As children we just ate what was put before us. We asked no questions. We made no connections about our food.
As we grew, maybe we realized in a vague and uninvolved way that the pork chop or steak on our plate was once a living animal. In the supermarket, we saw packages of meat and blood but still where it all came from was abstract.
Now I wonder if we shouldn't let our children gently in on the “secret” of what they are eating and how the animals live and die. It would be interesting to see how many children would no longer want to eat meat. After all, many of their children's books are about animals, which are presented as lovable, fun, feeling creatures. Only “Charlotte's Web” even mentions that an animal (pig) is slated for slaughter.
I became a vegetarian in my early 20s living on my own in New York City. I no longer wanted to eat the remains of animals that had died, and I also believed a vegetarian diet was much healthier.
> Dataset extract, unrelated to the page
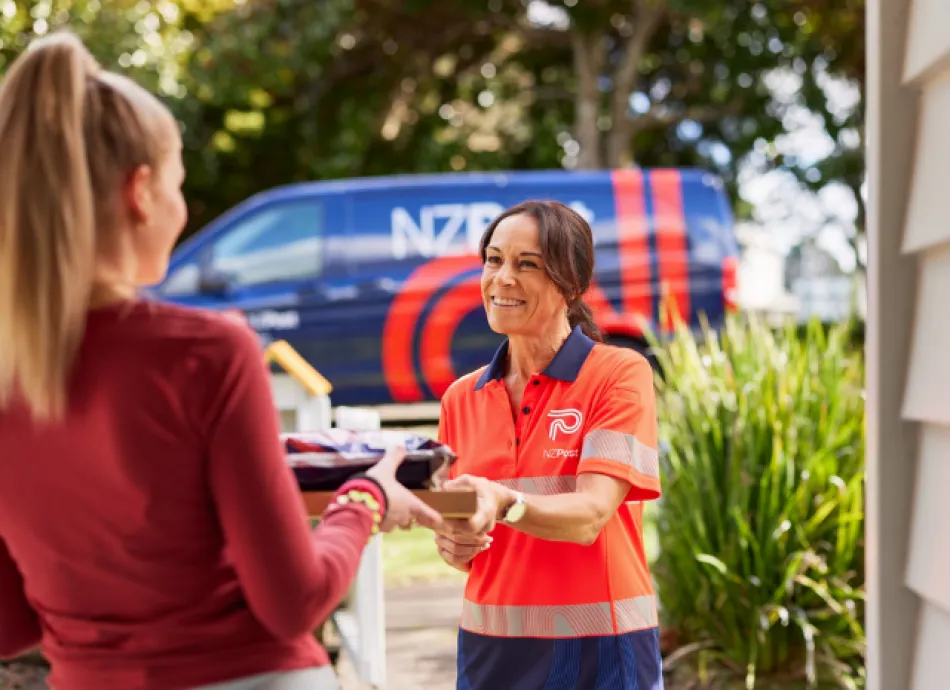 courier delivering package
But it was only years later that I learned of factory farms and the reality of the animal's life and death.
Back in those days, it took some doing to be a vegetarian. Health food and whole food stores were small and their offerings were limited. Restaurants would only offer a plate of steamed vegetables to a vegetarian.
How things have changed. Most restaurants have several vegetarian entrees on their menu, and there are many vegetarian or vegan restaurants. Supermarkets have whole sections of vegetarian food from frozen meals to soy products that replace dairy items. Most vegetarian food is also organic, and the choices are extensive.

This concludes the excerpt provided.